**Data for review:**
□ □ □ □ □ □ □
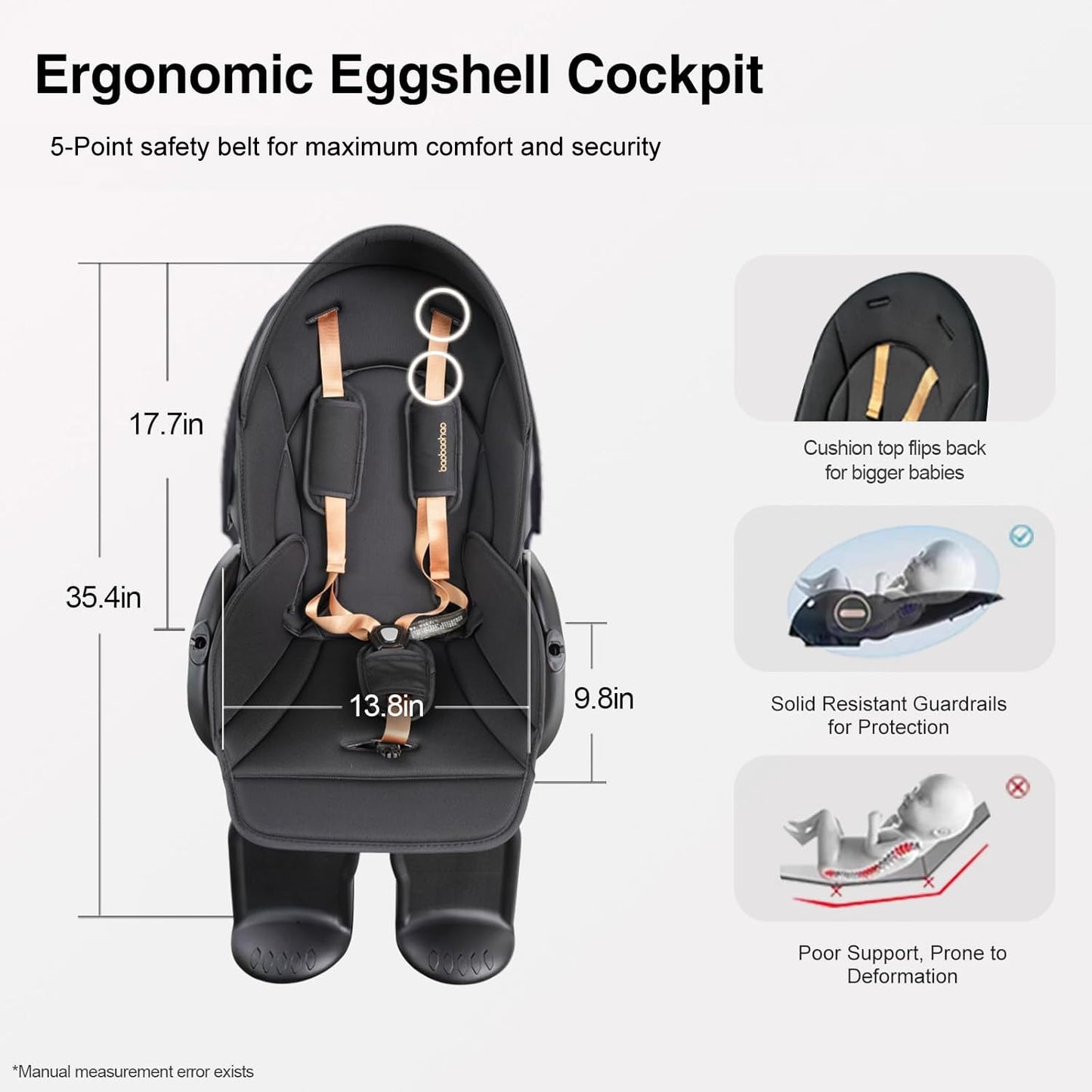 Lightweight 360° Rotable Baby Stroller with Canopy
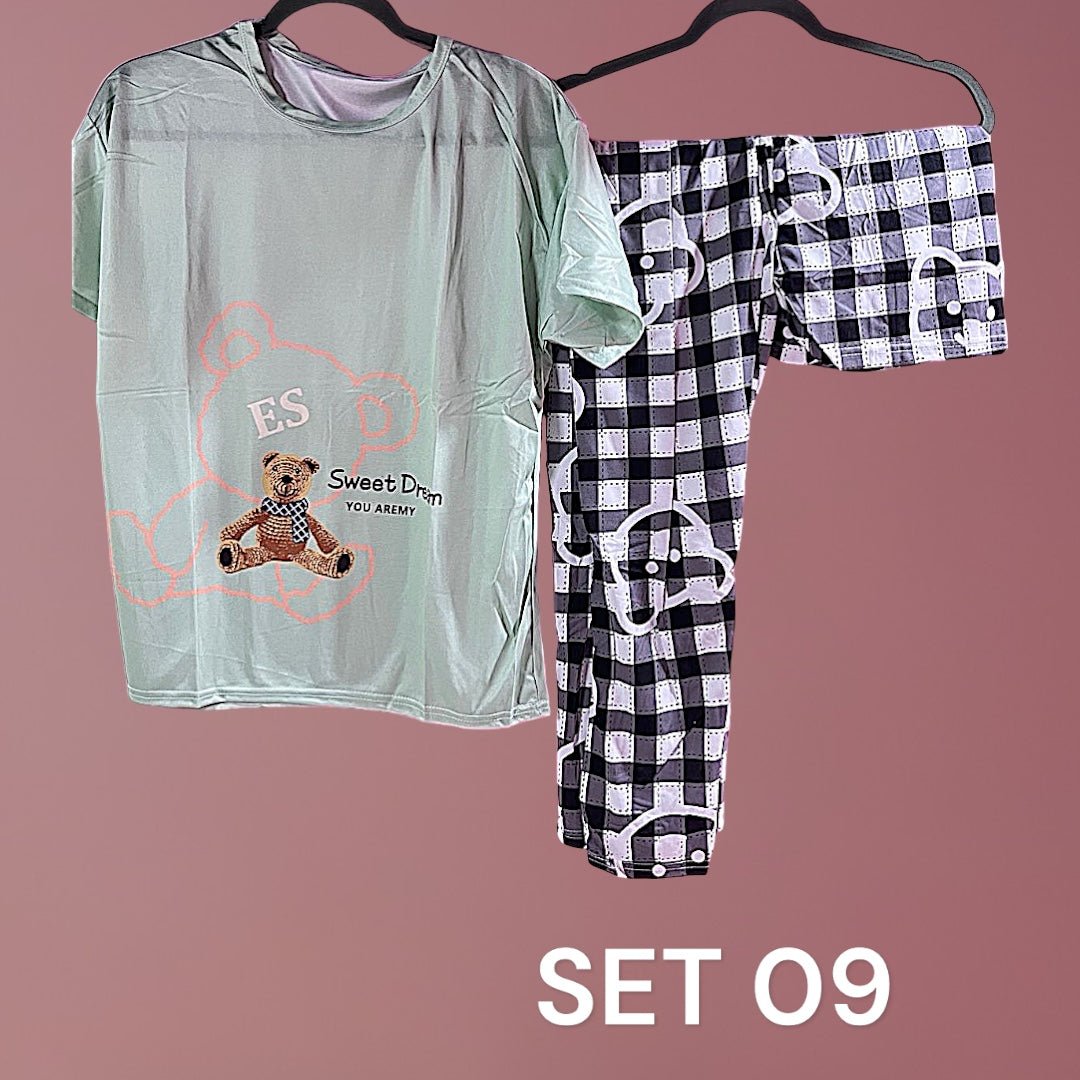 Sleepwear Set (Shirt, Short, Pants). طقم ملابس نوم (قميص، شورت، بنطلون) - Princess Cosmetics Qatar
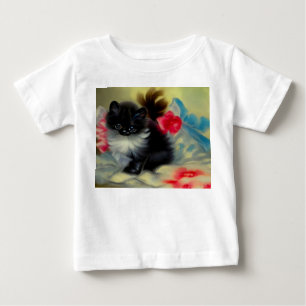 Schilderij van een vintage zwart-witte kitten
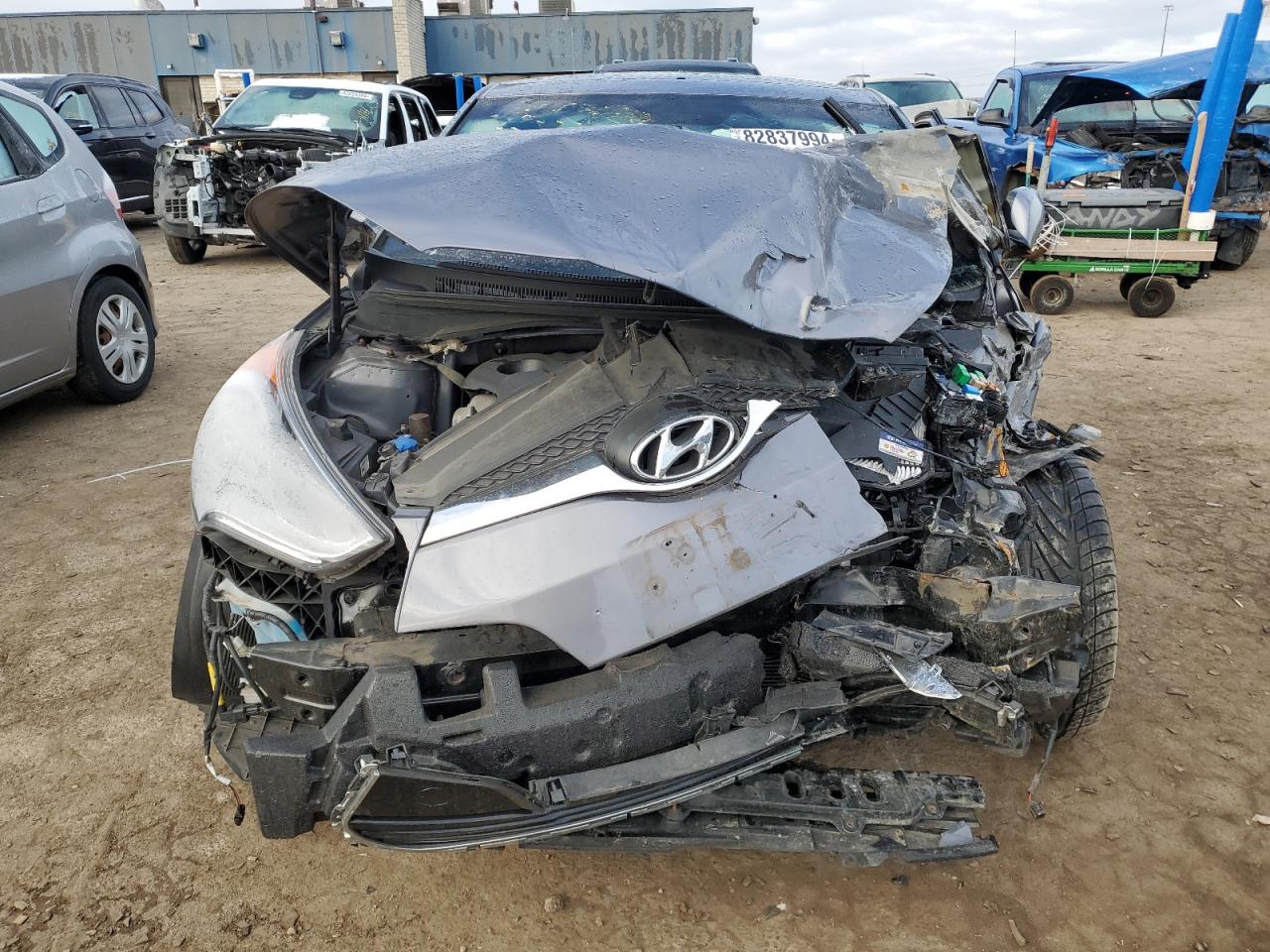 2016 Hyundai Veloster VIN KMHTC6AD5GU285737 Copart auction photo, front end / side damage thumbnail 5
□ □ □ □ □ □ □
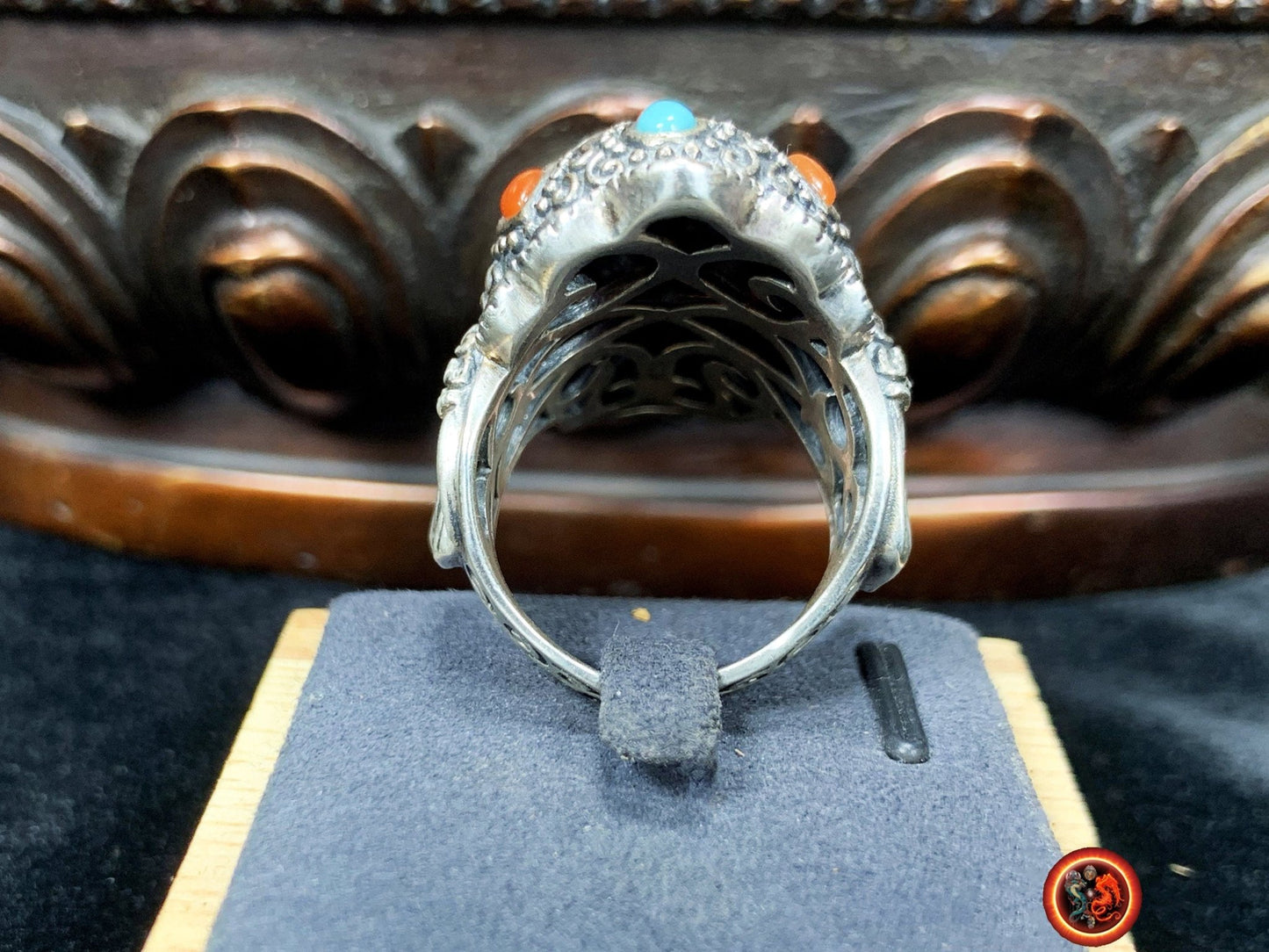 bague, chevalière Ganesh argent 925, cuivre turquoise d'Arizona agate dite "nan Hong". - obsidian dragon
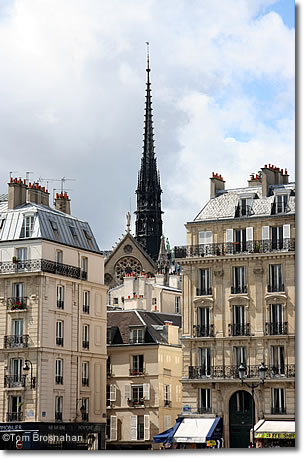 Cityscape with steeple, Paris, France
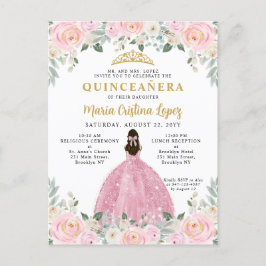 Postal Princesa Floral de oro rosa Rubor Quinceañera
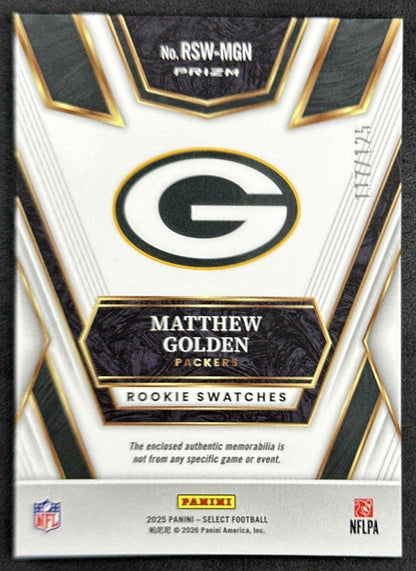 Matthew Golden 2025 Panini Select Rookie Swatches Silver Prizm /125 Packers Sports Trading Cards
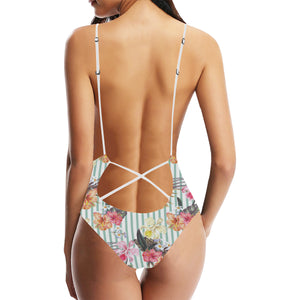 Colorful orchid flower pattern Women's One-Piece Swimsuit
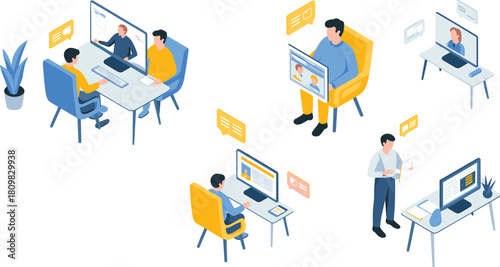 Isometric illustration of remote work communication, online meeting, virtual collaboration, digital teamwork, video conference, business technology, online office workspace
□ □ □ □ □ □ □
**Work instruction:** Output only the lines above from the line that holds "Cityscape with steeple, Paris, France" through the line that holds "Isometric illustration of", both ends included, and exclude pictures.

**Result of the exercise:**
 Cityscape with steeple, Paris, France
 Postal Princesa Floral de oro rosa Rubor Quinceañera
 Matthew Golden 2025 Panini Select Rookie Swatches Silver Prizm /125 Packers Sports Trading Cards
 Colorful orchid flower pattern Women's One-Piece Swimsuit
 Isometric illustration of remote work communication, online meeting, virtual collaboration, digital teamwork, video conference, business technology, online office workspace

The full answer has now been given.